Time for Autism Speaks to Listen?



            When Suzanne Wright’s op-ed piece “A Call for Action” was published November 11, 2013, you can say it accomplished that goal. The backlash against Ms. Wright has been swift and hard. In addition, there is an organized effort to boycott Autism Speaks. Boycott Autism Speaks Many friends and family have joined the cause and asked us where we stand on the matter. Well, I can say that we’ve read a lot of material, been on numerous websites and debated the issue. My wife Marian and I have begun our own version of the ESPN show “First Take” (Embrace Debate). Believe me, I am not making light of this issue at all as the debate has been intense and emotional. Furthermore, I have implored Marian to blog her views and post them for all to see. After all, she is not only an autism advocate; she is the mother of two teenagers who happen to be on opposite ends of the autism spectrum. While we agree on many issues, we don’t agree on all of them as they relate to an all-out boycott.

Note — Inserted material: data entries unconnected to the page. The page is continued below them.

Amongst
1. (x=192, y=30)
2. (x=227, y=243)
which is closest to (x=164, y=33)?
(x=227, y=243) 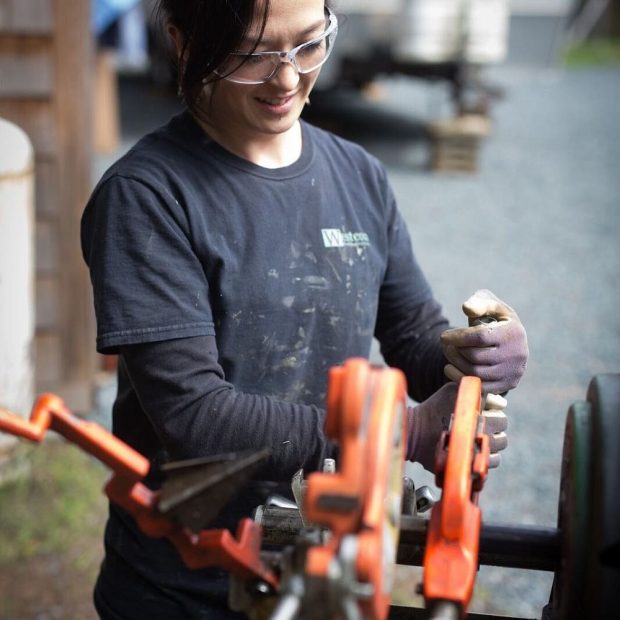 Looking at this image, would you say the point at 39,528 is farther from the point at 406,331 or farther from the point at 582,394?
the point at 582,394

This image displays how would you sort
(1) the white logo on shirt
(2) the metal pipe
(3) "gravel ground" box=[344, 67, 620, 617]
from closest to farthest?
(2) the metal pipe → (1) the white logo on shirt → (3) "gravel ground" box=[344, 67, 620, 617]

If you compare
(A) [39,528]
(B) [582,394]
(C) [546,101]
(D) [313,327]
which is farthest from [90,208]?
(C) [546,101]

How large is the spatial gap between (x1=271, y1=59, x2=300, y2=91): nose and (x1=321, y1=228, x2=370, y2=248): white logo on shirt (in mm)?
282

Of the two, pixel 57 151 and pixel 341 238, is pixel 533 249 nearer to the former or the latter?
pixel 57 151

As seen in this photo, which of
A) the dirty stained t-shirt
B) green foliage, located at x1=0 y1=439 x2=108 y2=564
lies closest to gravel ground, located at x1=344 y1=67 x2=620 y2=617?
green foliage, located at x1=0 y1=439 x2=108 y2=564

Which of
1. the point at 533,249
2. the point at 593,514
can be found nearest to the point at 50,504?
the point at 593,514

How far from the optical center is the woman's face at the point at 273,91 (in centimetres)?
141

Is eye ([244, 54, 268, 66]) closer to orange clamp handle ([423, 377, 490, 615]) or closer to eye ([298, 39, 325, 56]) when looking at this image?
eye ([298, 39, 325, 56])

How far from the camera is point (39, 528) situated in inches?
130

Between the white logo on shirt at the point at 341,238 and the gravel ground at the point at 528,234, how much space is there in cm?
176

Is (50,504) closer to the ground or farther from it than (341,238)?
closer to the ground

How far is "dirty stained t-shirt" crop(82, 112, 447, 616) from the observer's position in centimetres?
140

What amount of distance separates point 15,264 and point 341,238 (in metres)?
1.76

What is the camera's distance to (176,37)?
1.56 meters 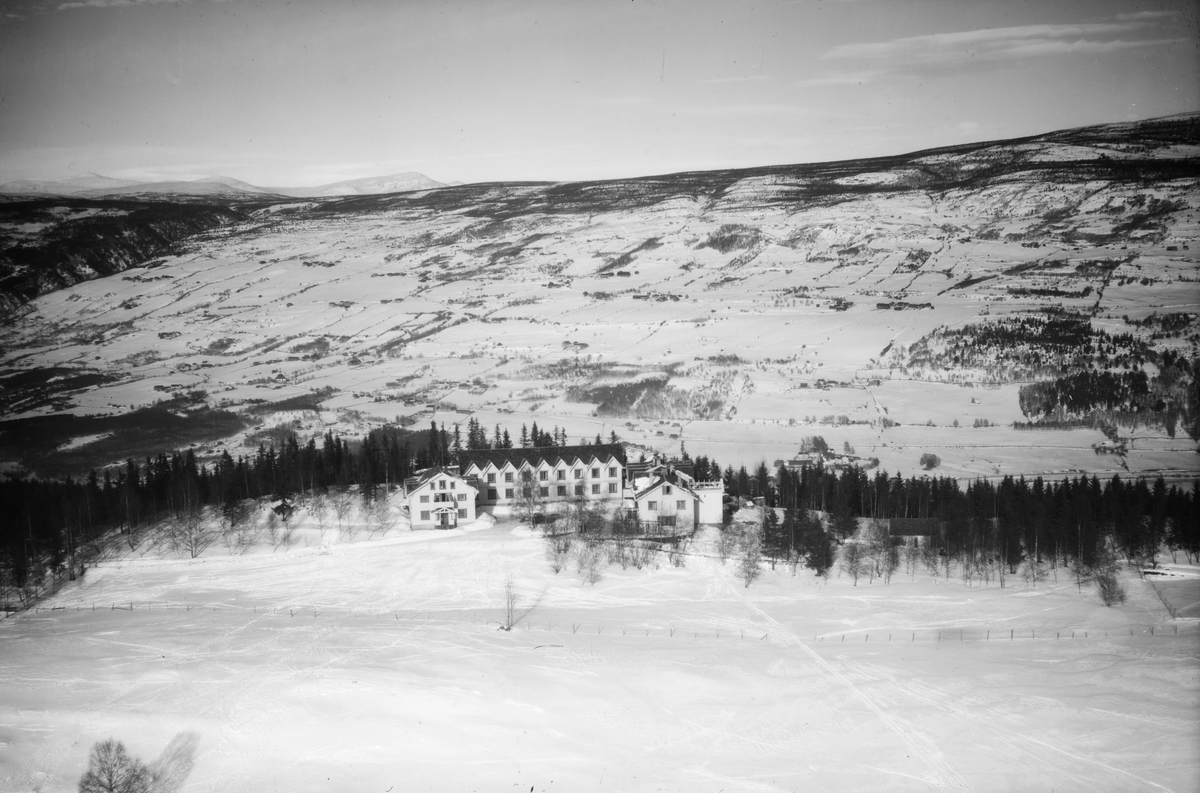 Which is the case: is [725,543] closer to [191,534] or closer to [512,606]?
[512,606]

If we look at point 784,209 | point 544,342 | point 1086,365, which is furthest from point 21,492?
point 784,209

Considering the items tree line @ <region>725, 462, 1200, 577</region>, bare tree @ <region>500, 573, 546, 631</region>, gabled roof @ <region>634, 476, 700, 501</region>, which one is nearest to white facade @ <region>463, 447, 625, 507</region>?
gabled roof @ <region>634, 476, 700, 501</region>

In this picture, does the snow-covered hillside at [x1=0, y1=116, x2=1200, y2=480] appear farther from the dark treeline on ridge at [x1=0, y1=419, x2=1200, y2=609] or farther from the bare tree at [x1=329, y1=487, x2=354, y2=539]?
the bare tree at [x1=329, y1=487, x2=354, y2=539]

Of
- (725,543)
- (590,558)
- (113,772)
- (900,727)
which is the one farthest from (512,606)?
(113,772)

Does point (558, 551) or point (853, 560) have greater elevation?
point (558, 551)

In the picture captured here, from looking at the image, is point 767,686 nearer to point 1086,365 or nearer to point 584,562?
point 584,562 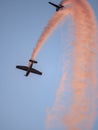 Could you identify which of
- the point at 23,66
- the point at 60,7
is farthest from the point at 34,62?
the point at 60,7

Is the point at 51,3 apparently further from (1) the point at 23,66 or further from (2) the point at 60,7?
(1) the point at 23,66

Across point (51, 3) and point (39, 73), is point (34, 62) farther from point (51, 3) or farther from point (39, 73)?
point (51, 3)

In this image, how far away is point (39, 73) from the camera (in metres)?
64.0

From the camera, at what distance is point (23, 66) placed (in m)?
62.1

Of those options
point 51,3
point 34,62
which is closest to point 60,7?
point 51,3

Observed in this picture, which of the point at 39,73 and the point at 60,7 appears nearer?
the point at 60,7

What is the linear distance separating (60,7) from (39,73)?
14715 mm

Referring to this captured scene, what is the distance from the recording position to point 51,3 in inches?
2432

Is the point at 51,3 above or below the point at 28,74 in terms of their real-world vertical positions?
above

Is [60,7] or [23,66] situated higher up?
[60,7]

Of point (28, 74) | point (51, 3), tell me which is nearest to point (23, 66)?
point (28, 74)

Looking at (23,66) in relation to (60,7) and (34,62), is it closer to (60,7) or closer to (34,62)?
(34,62)

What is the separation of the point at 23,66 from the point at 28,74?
77.1 inches

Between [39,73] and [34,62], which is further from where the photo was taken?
[39,73] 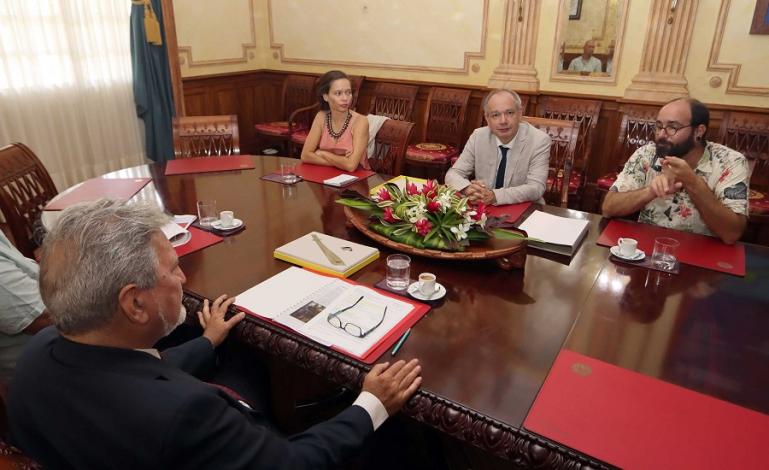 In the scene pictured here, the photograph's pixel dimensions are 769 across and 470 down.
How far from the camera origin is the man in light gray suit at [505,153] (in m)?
2.39

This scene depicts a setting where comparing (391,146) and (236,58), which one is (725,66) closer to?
(391,146)

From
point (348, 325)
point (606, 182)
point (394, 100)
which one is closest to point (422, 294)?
point (348, 325)

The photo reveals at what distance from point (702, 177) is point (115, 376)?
2.06m

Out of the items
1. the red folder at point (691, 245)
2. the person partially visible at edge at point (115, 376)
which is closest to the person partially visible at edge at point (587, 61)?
the red folder at point (691, 245)

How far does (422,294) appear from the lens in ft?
4.52

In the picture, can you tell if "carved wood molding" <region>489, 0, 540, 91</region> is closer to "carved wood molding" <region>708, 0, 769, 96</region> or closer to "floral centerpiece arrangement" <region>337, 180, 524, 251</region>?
"carved wood molding" <region>708, 0, 769, 96</region>

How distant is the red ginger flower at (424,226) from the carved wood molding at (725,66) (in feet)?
9.55

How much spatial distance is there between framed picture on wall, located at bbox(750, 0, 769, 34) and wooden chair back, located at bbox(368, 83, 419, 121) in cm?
238

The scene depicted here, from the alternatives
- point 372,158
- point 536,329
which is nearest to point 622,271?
point 536,329

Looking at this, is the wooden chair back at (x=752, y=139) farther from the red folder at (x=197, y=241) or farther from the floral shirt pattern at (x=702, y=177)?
the red folder at (x=197, y=241)

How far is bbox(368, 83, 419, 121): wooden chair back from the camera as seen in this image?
4422 mm

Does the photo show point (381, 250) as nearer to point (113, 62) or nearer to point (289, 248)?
point (289, 248)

            Autism Speaks was founded in 2005 and in its first year raised over $40 million dollars in donations and fundraising (AutismSpeaks.com). It also states they received a $25 million dollar donation from a single donor to launch their organization. It is clear the Wrights, as a high profile couple with plenty of financial backing could make a real difference and help families. However, their mission seems to focus more on science and research, looking for causes, prevention and a possible cure rather than direct family services. That being said, the one issue that really bothers me is that the word advocacy is missing from their mission statement yet that is what they often refer to themselves as; a leading autism advocacy organization (AutismSpeaks.com).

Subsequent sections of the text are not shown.